In Carrie Lorig’s The Blood Barn, a hidden thesis exists. It is not ourselves that tell stories to ourselves in order to live; it is stories that live in order to tell ourselves. Let us understand what this means for Carrie Lorig and The Blood Barn at first by glimpsing a brief moment nestled early in the textual project.

                       “I’m here / I died and you can’t take any more / with you I

                       died / and there’s nothing left for you to decide”[iii]

The ‘I’ in question can multivalently be read as Carrie Lorig, or as Carrie Lorig’s speaker, or as the voice of the titular barn, or as the voice of the book itself (so, what, a poem has numerous ‘I’s, but a poem is only living because of being two; what it is before it is read and what it becomes when it is read). The ‘you’ in question can multivalently be read as Carrie Lorig, or as Carrie Lorig’s speaker, or as some ‘you’ character, or as the titular barn itself, or as a record of a response to the book’s existence, or perhaps even as speech directly to the reader. This brief exchange is both a recognition of the transactional reader-writer relationship and the intensive author-creation relationship. Who is here? “I’m here,” says the book, here, both the ‘I’ that is the Lorig-writer and the ‘I’ that is in this case the Morgan-reader. “There’s nothing left for you to decide,” who to decide?, you, a disembodied person – nothing left for the ‘you’ that is the pages of the book to decide, nothing left for the ‘you’ that is the reader to decide; the book has made its decisions, the Lorig-writer has made their decisions, and there are no decisions left.

(How to recreate the sense-datum relationship of The Blood Barn? How to write against austerity and haphazardly lazy reading? By writing clearly but with as much difficulty as The Blood Barn itself, to make this process difficult, to dislocate the you-reader from the Morgan-writer.)

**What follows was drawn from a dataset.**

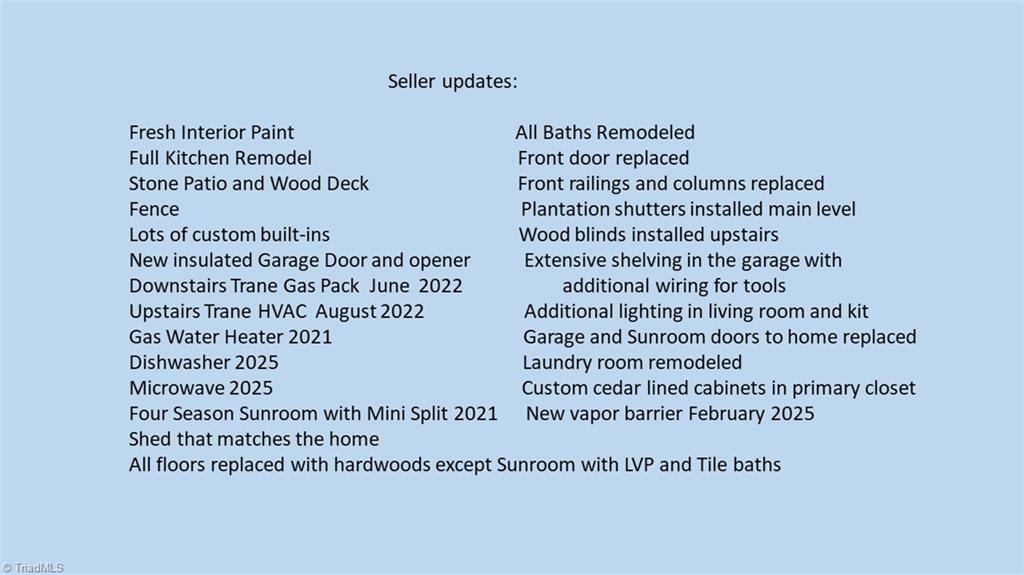 3303 Bardwell Road Greensboro, NC 27410 - Photo 49 of 50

Not being one. Lorig’s book exists contemporaneously with all of itself. There are five poems in this book, and they are all called the same thing. Extrapolating a little from the anthropologist Marshall Sahlins, naming is a process of ownership. “kinship statuses are not set by the begetters of persons, but by their namers.”[iv] These poems are kin with each other, most certainly, but this may not be because Lorig is unilaterally the mother of these poems; these poems are kin with each other perhaps entirely because they are named commensurably. Lorig’s book uses word-forms to construct a literal body, breathing, coursing with blood, transforming the ‘I’ from abstract correlative linguistic fury into an embodied self. The ‘body’ is pages, nonetheless, the ‘body’ is a body. As a book lives because of being two, Lorig’s book lives because it constructs itself as a body spun around a centralised heartbeat.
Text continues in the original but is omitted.